Upon graduation, I reported to Texas for basic officer training and then to Columbia, South Carolina, for a one-year internship to train us to function in all aspects of dentistry in remote locations without specialist support. It was a great professional experience, and we loved South Carolina. Our daughter was born there; our son took his first steps on the beach at Charleston. At completion, we were sent to the Atlantic coast of Panama, a jungle training base. Panama was an amazing experience. (see Our Panama Adventure, posted April 2021 on this blog for more detail)
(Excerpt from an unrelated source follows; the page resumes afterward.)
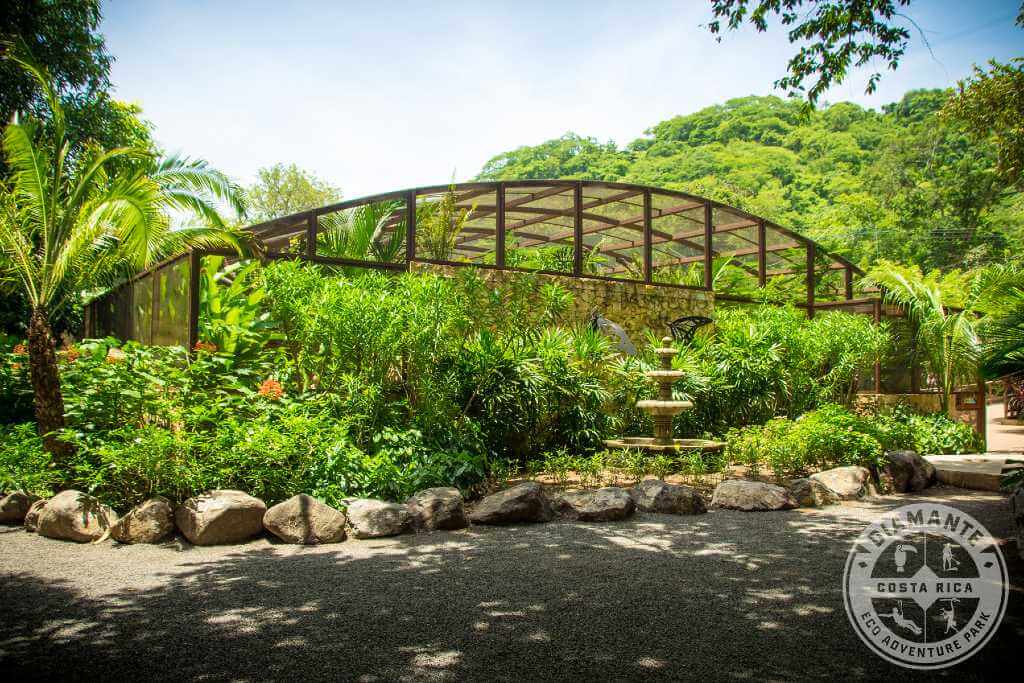 Nursery in a natural park with different species of plants.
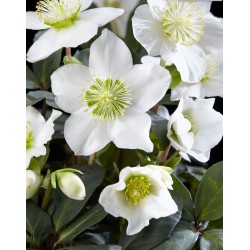 HELLEBORUS NIGER  V.13 BIANCO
Upon arrival on the Atlantic coast of Panama, the center for jungle training, the US Army provided a concrete shell of a home on elevated columns to keep it above the bugs and 140" of annual rainfall.  We had to buy and install our own window air conditioners (3: upstairs, downstairs, and later in our storage room).  I screened in a play area between the bottom level columns. Dawn bought carpets for the linoleum floors and added all the details that make a house into a home.  I built two couches using beautiful native mahogany.  We had to share our home with cockroaches which were resistant to any poison and could exist by eating the glue off labels or cardboard box joints. (Air Force quarters came with central A/C and tile floors.)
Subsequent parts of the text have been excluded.